WORK INSTRUCTIONS: Exactly reproduce the lines of the listing below from the one containing "Stone and Clark" through the one containing "Hermes Carré 40". Skip the images.

ENTRIES PROVIDED:
_ _ _

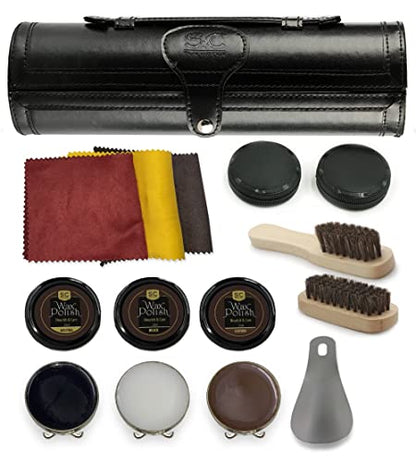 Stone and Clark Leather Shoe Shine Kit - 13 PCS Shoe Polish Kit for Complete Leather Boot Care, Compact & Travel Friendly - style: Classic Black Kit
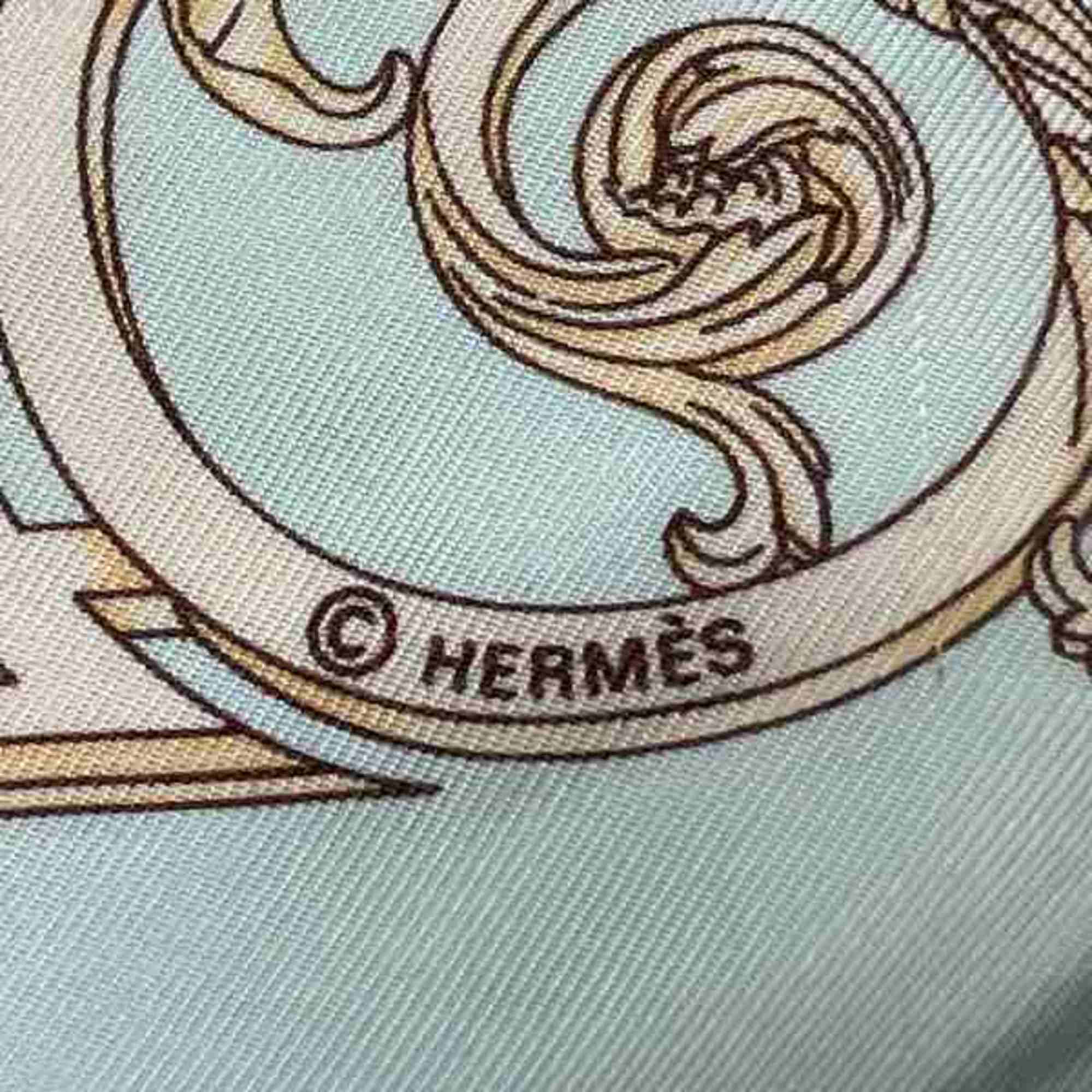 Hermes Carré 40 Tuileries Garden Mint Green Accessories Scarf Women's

_ _ _

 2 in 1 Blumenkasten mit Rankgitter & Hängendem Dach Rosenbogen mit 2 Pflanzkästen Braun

_ _ _

RESULT OF THE TASK:
 Stone and Clark Leather Shoe Shine Kit - 13 PCS Shoe Polish Kit for Complete Leather Boot Care, Compact & Travel Friendly - style: Classic Black Kit
 Hermes Carré 40 Tuileries Garden Mint Green Accessories Scarf Women's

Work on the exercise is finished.